Médiatiquement, cette affaire est appelée "la conversation", car Ghannouchi et d'autres ont fait les déclarations qui leur sont attribuées lors d'une conversation ramadanesque organisée par le Front de salut national de l'opposition en 2023, en solidarité avec les prisonniers politiques.

Ghannouchi a également été condamné dans d'autres affaires, le 2 février dernier, la cour d'appel de la capitale a aggravé sa peine de prison de 14 à 20 ans dans une affaire connue sous le nom de "complot contre la sécurité de l'État 2".

Le 26 janvier dernier, le tribunal de première instance a prononcé une peine de 3 ans de prison contre Ghannouchi dans l'affaire "financement étranger".

À la mi-novembre 2025, le tribunal de première instance a décidé de le condamner à deux ans de prison "pour s'être porté garant d'un prix international" qu'il avait reçu en 2016 au profit de la Croix-Rouge.

Ghannouchi, incarcéré depuis avril 2023, refuse d'assister à tout procès, considérant que ces procès constituent une "règlement de comptes politiques", tandis que les autorités affirment que la justice est indépendante et qu'elles ne s'ingèrent pas dans son travail.

Les autorités tunisiennes soutiennent que tous les détenus dans le pays sont jugés pour des accusations criminelles, telles que "complot contre la sécurité de l'État" ou "corruption", et nient qu'il existe des détenus pour des raisons politiques.

Cependant, certaines factions de l'opposition et des organisations de défense des droits humains déclarent que ces affaires ont un "caractère politique" et sont "utilisées pour liquider des adversaires politiques et faire taire les voix critiques à l'égard du président tunisien Kaïs Saïed.

Cela survient alors que les avocats des journalistes tunisiens en vue, Mourad Zouabi et Burhan Bessis, qui sont arrêtés depuis 2024, ont demandé leur libération au début de leur procès en appel hier, mardi, pour des accusations de "blanchiment d'argent" et "évasion fiscale", mais la demande a été rejetée.

Ghazzi Marabet, avocat de Zouabi, a déclaré au juge : "C'est un procès politique. Il ne représente aucun danger pour la société".

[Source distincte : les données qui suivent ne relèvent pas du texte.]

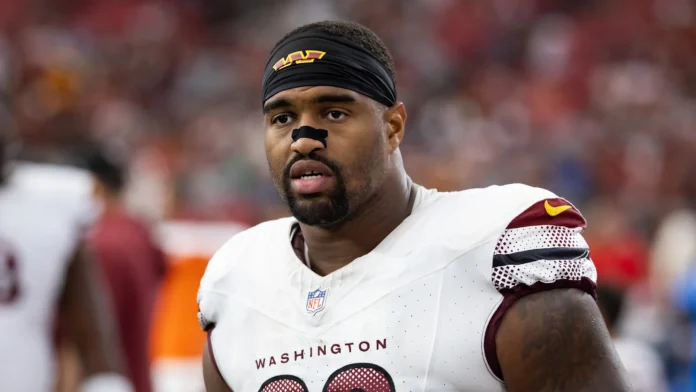 This image is about Jonathan Allen, Washington Commanders defensive lineman, during an NFL game.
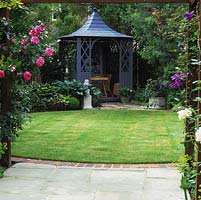 Pergola clad in Rosa Handel frames view of small town garden with brick-edged, circular lawn and grey-painted summerhouse between hostas and trees.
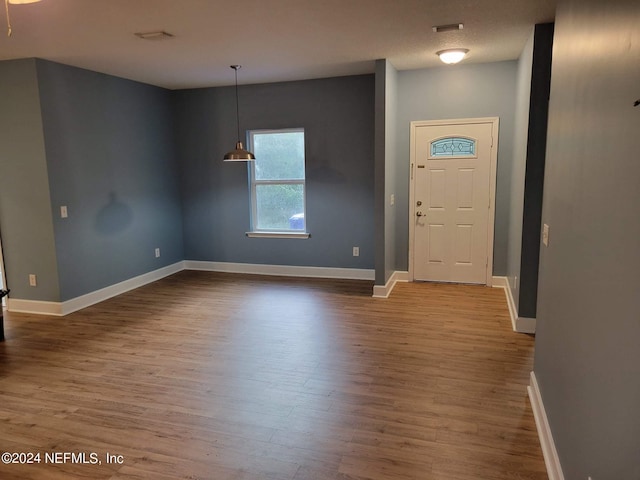 foyer entrance featuring wood-type flooring and a textured ceiling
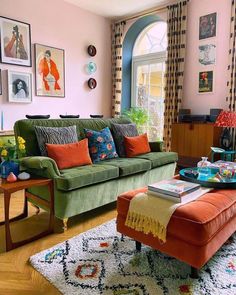 a living room filled with lots of furniture and pictures on the wall above it's windows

Zouabi, qui détient également la nationalité française et a travaillé auparavant sur la chaîne "Canal+", et Bessis assistaient à l'audience d'appel devant le tribunal à Tunis.

Ils avaient été condamnés en première instance en janvier dernier à 3 ans et demi de prison, une peine que des ONG locales et internationales ont jugée sévère.

Des diplomates représentant la France, l'Union européenne, la Belgique et les Pays-Bas ont assisté à l'audience.

Les journalistes avaient été arrêtés en mai 2024 suite à des déclarations jugées critiques du pouvoir présidentiel de Saïed, faites dans des programmes radiophoniques, télévisuels et sur les réseaux sociaux.